Manche Kollegen sprechen an dieser Stelle von „multipler Konvergenz“ – alles wächst zusammen. Internet ist Fernsehen ist Radio ist Zeitung. Aber wenn künftig alles Alles ist, dann wird es nicht zwingend leichter zu erkennen, was sich ändert (und was nicht). Ein Tagesschau-Beitrag wird ein Tagesschau-Beitrag bleiben, egal ob er über Satellit, Kabel, DVB-T oder Mediathek abgerufen wird. Ein Gespräch zwischen Freunden wird ein Gespräch zwischen Freunden bleiben, egal ob persönlich geführt, am Telefon, per WhatsApp oder Facebook-Chat. Und ein Flyer einer Partei wird ein Flyer bleiben, egal ob er am Wahlkampfstand verteilt, bei Facebook geliked oder von der Homepage des Spitzenkandidaten heruntergeladen wird.
Entscheidend bleiben die Unterschiede zwischen diesen Kommunikationsformen: Massenkommunikation versus interpersonale Kommunikation, oder auch Information versus Interaktion. Das sind alte Hüte, keine Frage. Aber wir stehen (noch immer) vor der Herausforderung, „das Internet“ analytisch so zu zerlegen, dass es kein Phänomen sui generis bleibt, sondern dass es in diese alten Überlegungen und Unterscheidungen passt, die auf den Kontext, die Art und auch die Qualität von Kommunikation abzielen.

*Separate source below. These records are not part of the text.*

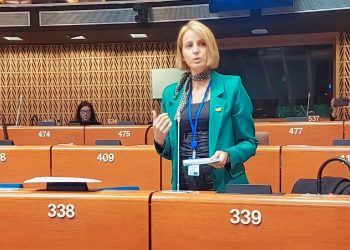 “ვარ იმ ქვეყნიდან, რომელსაც ოლიგარქი მართავს”-ოზურგეთის საკრებულოს ენმ-ის დეპუტატის მიმართვა ევროსაბჭოს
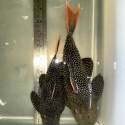 L600 cactus pleco pair.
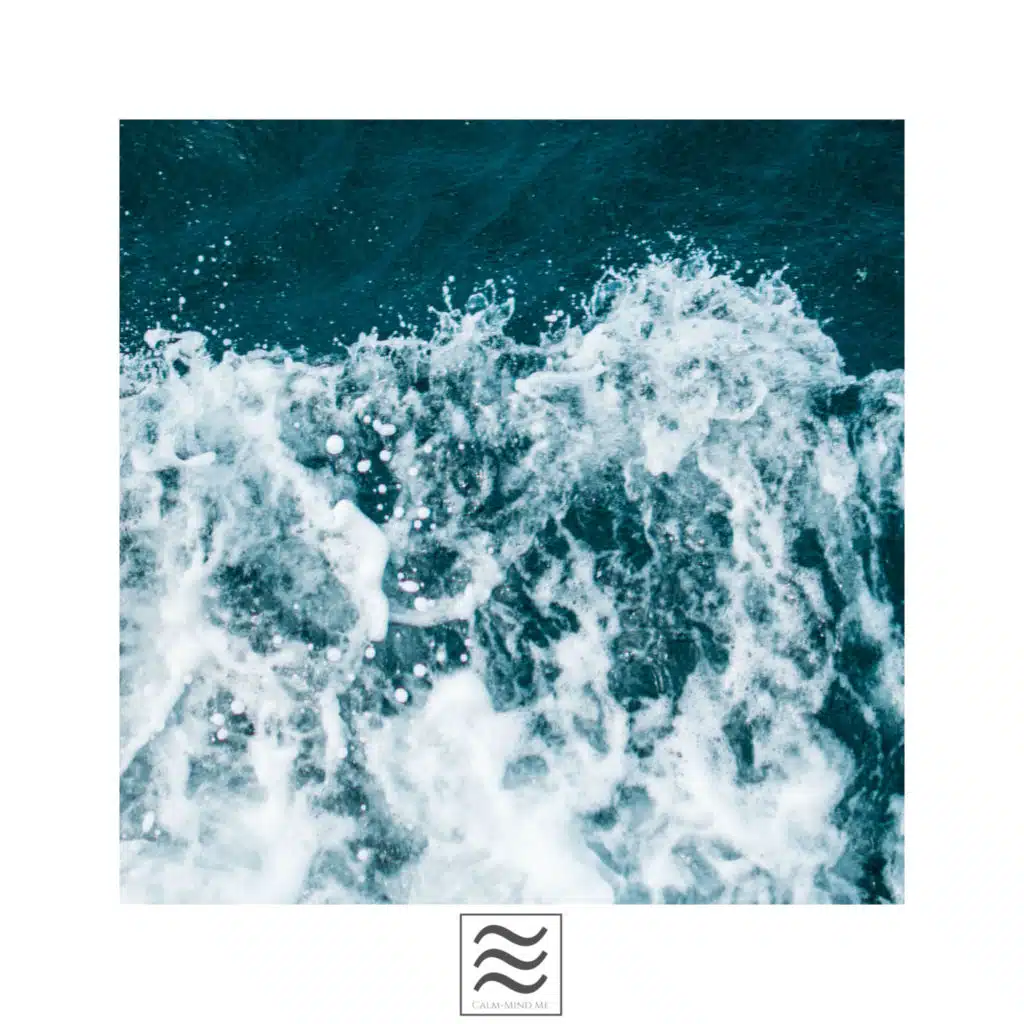 Relax and Rest with Ocean Calming Noises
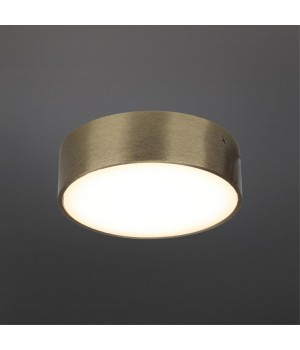 Светильник настенно-потолочныйAploytAPL.0113.29.12-foto2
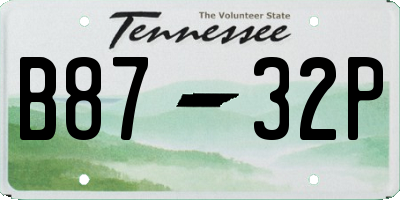 TN license plate B8732P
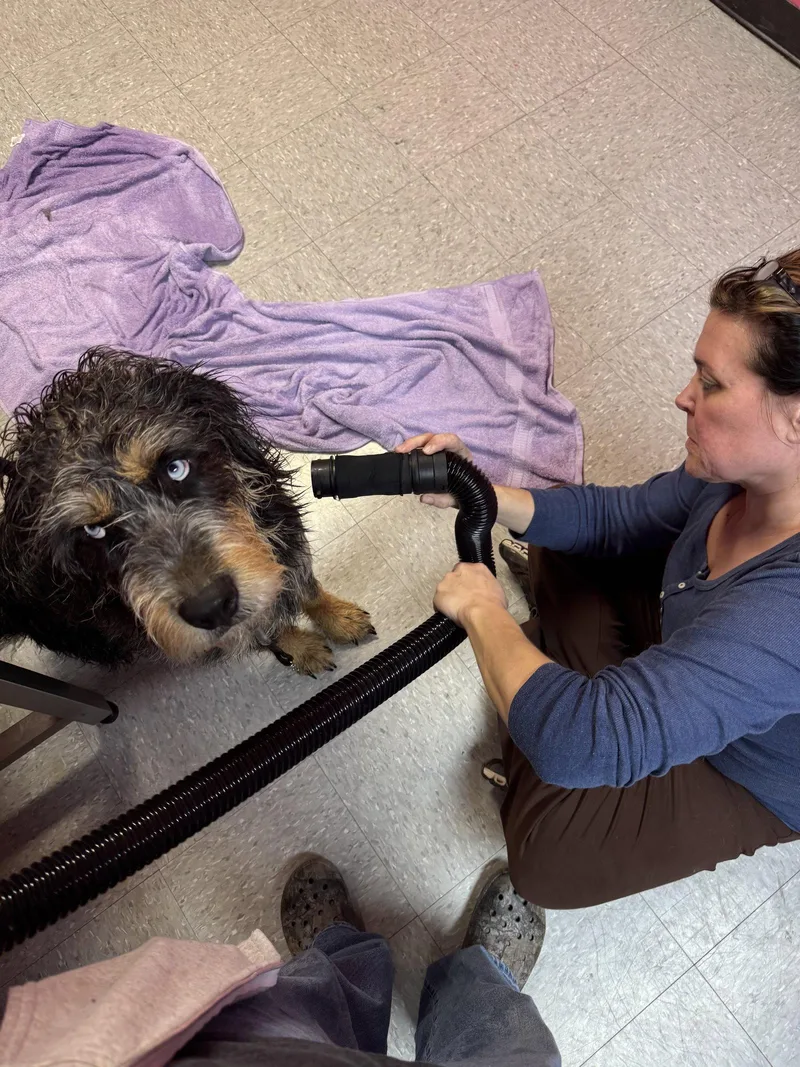 Big Bear thumbnail 2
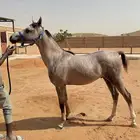 مهر الأب تايتوس ولد ماقنيفيكو والأم ريم اي كي بنت الكسندر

Dass sich Hybridformen herausbilden (etwa bloggende oder twitternde Bürger und Institutionen), unterstreicht nur die Notwendigkeit, die eigene Brille für die zugrundeliegenden Formen von Kommunikation und ihren jeweiligen Besonderheiten zu schärfen.
Fazit: Von „dem Internet“ oder „dem Onlinewahlkampf“ zu sprechen, hilft uns nicht wirklich weiter, um den sich vollziehenden Wandel zu erfassen – wenn er denn bald mal eintritt.